Persoalan Hyper Regulation di Indonesia

Oleh: Sudarto

(Internship Advokat Konstitusi)

Kondisi perundang-undangan Indonesia pasca era reformasi 1998 mengalami gejala hyper regulation, yaitu suatu keadaan dimana banyak sekali peraturan perundang-undangan (terutama undang-undang) yang dibentuk untuk mengatasi setiap permasalahan tanpa mempertimbangkan apakah peraturan perundang-undangan tersebut dibutuhkan dalam rangka mendukung prioritas pembangunan dan apakah substansinya sudah diatur oleh peraturan perundang-undangan sektor lainnya. Kondisi hyper regulation menyebabkan terjadinya alienasi hukum, yaitu hukum makin terasing dari masyarakatnya sendiri. Alineasi itu muncul ketika semakin banyak aturan, namun peraturan tersebut tidak efektif, artinya aturan tersebut tidak bisa ditegakkan.(Ahmad Ulil Aedi: JIKH, 2020)
Selain itu, dalam tataran implementasi penataan peraturan perundang-undangan menimbulkan permasalahan saling tumpang tindih (overlapping), disharmoni, maupun menimbulkan konflik akibat adanya hyper regulation.
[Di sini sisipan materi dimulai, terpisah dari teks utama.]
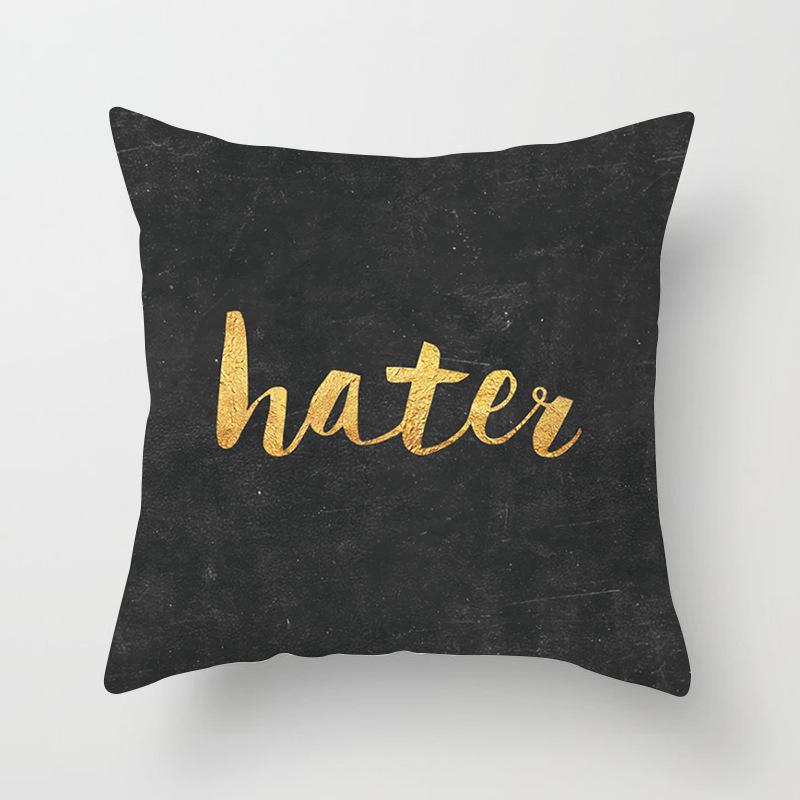 Home Products New Black Geometric Sofa Pillow Cushion Cover Digital Printing Office Cushion Cover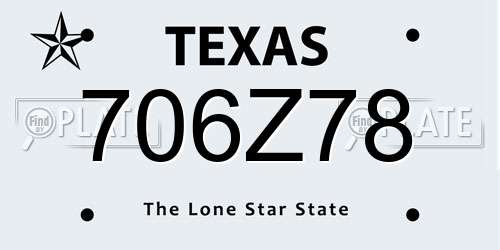 706Z78 Texas License Plate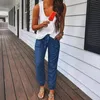 Women's Jeans Casual Women Plus Size Drawstring Elastic Waist Loose Denim Long Pants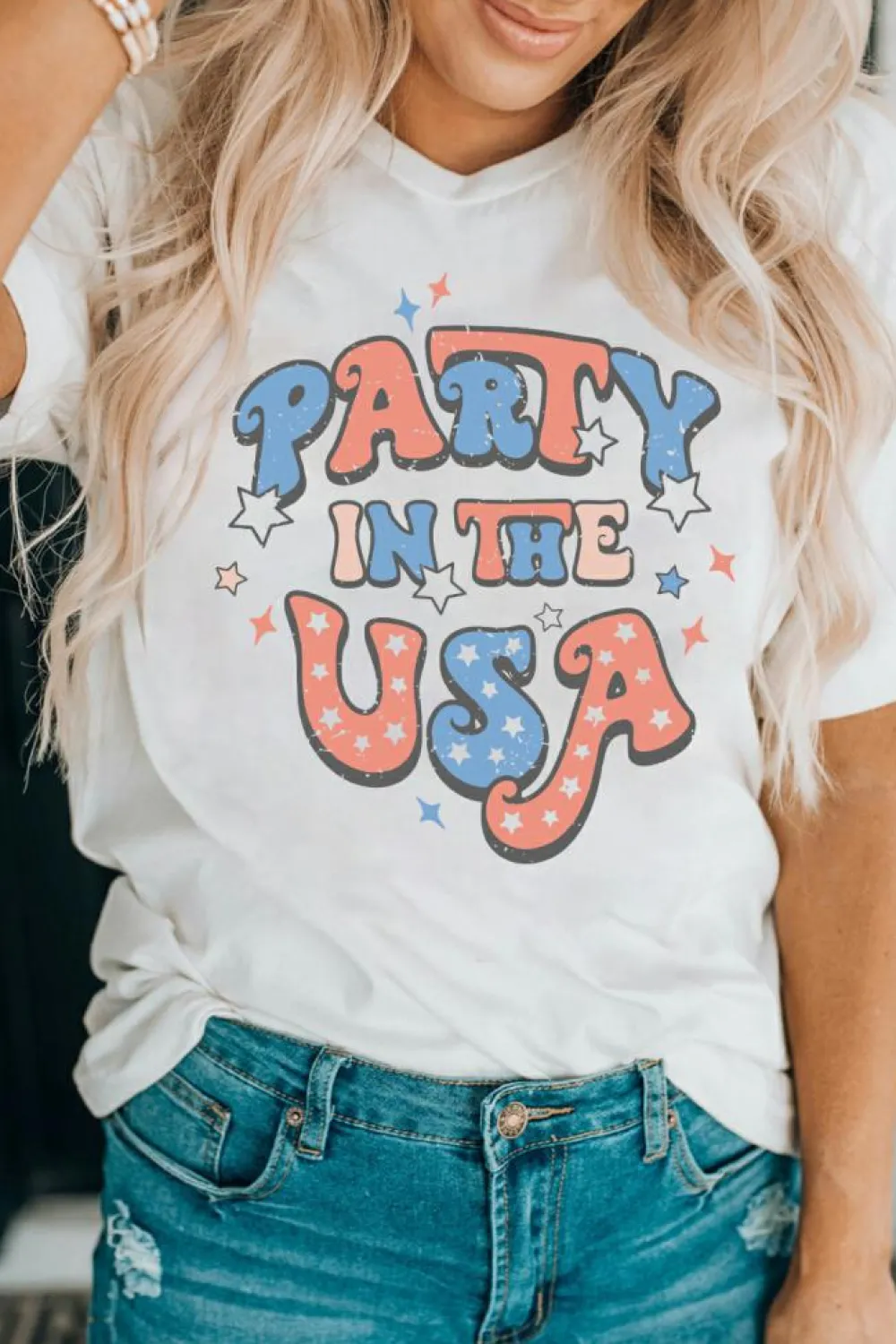 Online Dear-Lover PARTY IN THE USA Flag Fashion Graphic Tee White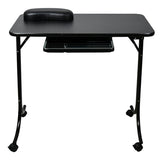 Portable Folding Manicure Table Portable Nail Care Center Black With Wheels & Drawer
Meminjam istilah Richard Suskind, menyebutkan bahwa hyper regulations atau obesitas hukum penyebabnya adalah penyusunan regulasi yang tidak dilakukan secara terstruktur, sistematis, masif dan tumpang tindih antara peraturan yang satu dengan peraturan yang lainnya. Akibatnya, produk regulasi menimbulkan ketidakpastian dan kesenjangan perlakuan dihadapan hukum.(Roni Sulistyanto Luhukay, et. al.: Jatiswar, 2019)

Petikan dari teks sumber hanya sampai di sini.